> **WORKING DATA**:
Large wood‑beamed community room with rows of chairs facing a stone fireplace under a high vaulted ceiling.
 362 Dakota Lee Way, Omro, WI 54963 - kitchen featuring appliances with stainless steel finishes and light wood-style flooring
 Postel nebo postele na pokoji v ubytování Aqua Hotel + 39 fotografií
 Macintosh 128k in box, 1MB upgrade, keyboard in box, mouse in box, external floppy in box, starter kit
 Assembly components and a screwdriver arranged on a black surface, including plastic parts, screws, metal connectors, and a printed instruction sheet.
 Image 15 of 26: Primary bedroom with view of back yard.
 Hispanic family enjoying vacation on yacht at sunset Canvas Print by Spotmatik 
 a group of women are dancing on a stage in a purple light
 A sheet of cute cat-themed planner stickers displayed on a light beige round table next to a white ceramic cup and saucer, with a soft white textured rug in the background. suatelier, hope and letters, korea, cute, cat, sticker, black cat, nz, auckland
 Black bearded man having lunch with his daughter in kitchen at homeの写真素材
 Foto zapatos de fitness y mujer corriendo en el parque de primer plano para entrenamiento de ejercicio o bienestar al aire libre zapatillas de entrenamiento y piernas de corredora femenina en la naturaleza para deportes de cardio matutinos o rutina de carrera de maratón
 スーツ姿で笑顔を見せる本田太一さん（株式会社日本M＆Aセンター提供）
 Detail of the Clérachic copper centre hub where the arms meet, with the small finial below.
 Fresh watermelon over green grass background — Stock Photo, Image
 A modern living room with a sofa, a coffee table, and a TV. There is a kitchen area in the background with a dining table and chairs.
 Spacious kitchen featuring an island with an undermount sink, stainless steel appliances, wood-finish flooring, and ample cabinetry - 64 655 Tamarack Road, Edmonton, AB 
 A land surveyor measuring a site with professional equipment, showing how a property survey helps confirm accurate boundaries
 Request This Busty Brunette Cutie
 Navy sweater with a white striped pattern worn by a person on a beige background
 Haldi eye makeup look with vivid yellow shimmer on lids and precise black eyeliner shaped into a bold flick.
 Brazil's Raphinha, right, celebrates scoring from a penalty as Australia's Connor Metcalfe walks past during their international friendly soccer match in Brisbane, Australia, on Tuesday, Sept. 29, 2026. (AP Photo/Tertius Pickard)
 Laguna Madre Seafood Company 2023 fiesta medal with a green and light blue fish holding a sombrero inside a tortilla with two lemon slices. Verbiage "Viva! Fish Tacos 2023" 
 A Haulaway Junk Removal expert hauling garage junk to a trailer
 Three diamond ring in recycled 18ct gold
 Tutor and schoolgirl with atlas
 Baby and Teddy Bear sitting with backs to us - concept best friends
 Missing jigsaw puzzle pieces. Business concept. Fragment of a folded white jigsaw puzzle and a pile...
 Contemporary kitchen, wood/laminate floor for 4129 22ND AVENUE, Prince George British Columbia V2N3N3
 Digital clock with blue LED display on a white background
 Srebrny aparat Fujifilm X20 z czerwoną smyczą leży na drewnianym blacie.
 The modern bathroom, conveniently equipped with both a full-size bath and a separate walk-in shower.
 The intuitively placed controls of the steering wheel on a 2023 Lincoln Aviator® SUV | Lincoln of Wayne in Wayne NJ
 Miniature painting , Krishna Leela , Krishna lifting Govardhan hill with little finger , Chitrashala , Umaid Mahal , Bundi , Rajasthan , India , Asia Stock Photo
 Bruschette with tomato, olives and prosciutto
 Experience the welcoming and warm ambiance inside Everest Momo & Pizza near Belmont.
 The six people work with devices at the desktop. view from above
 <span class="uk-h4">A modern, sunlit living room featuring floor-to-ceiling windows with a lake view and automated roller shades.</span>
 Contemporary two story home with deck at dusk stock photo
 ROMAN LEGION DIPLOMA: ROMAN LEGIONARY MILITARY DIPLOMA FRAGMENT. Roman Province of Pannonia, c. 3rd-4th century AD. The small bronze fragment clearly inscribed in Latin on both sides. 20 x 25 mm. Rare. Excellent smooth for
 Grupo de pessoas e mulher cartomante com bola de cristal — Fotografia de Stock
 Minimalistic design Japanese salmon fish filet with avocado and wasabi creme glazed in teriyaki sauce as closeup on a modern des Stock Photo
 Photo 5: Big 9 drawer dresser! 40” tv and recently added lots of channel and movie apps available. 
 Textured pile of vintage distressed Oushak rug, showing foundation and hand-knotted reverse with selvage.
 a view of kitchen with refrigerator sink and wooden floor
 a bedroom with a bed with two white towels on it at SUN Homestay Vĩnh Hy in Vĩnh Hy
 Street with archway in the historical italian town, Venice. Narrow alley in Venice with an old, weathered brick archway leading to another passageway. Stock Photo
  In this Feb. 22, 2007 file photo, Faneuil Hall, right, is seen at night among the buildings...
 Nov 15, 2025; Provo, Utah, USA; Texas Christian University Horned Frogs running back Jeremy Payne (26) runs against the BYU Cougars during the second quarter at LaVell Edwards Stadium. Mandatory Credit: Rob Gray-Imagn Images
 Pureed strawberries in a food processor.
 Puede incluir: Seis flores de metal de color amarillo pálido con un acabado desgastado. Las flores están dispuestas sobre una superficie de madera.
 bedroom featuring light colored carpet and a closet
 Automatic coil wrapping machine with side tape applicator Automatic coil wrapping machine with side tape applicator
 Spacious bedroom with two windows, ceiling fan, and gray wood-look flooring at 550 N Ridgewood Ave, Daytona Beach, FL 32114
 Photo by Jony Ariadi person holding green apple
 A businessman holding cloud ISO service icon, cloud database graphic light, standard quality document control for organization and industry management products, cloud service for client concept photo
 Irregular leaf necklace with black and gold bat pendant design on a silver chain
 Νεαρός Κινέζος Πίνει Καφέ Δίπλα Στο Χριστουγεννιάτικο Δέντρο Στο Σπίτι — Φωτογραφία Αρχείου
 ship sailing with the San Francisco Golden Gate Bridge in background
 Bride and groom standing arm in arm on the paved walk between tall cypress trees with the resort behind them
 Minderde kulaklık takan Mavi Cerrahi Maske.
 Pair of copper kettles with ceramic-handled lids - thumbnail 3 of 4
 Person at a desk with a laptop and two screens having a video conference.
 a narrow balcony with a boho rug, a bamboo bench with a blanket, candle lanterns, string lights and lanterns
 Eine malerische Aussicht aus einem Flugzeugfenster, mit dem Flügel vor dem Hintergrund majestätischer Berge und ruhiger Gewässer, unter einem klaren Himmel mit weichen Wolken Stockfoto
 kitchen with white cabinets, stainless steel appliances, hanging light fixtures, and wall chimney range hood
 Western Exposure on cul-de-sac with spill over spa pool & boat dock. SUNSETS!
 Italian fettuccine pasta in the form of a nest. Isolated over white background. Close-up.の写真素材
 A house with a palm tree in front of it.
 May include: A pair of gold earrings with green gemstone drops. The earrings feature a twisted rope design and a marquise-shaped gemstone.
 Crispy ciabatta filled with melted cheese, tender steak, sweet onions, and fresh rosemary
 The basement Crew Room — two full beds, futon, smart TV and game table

> **WHAT NEEDS TO BE DONE**: Among the entries above, the line containing "Bride and groom", the line containing "May include: A", and all lines between them are to be restated word for word; nothing else belongs in the reply.

> **SOLUTION TO THE PROBLEM**:
 Bride and groom standing arm in arm on the paved walk between tall cypress trees with the resort behind them
 Minderde kulaklık takan Mavi Cerrahi Maske.
 Pair of copper kettles with ceramic-handled lids - thumbnail 3 of 4
 Person at a desk with a laptop and two screens having a video conference.
 a narrow balcony with a boho rug, a bamboo bench with a blanket, candle lanterns, string lights and lanterns
 Eine malerische Aussicht aus einem Flugzeugfenster, mit dem Flügel vor dem Hintergrund majestätischer Berge und ruhiger Gewässer, unter einem klaren Himmel mit weichen Wolken Stockfoto
 kitchen with white cabinets, stainless steel appliances, hanging light fixtures, and wall chimney range hood
 Western Exposure on cul-de-sac with spill over spa pool & boat dock. SUNSETS!
 Italian fettuccine pasta in the form of a nest. Isolated over white background. Close-up.の写真素材
 A house with a palm tree in front of it.
 May include: A pair of gold earrings with green gemstone drops. The earrings feature a twisted rope design and a marquise-shaped gemstone.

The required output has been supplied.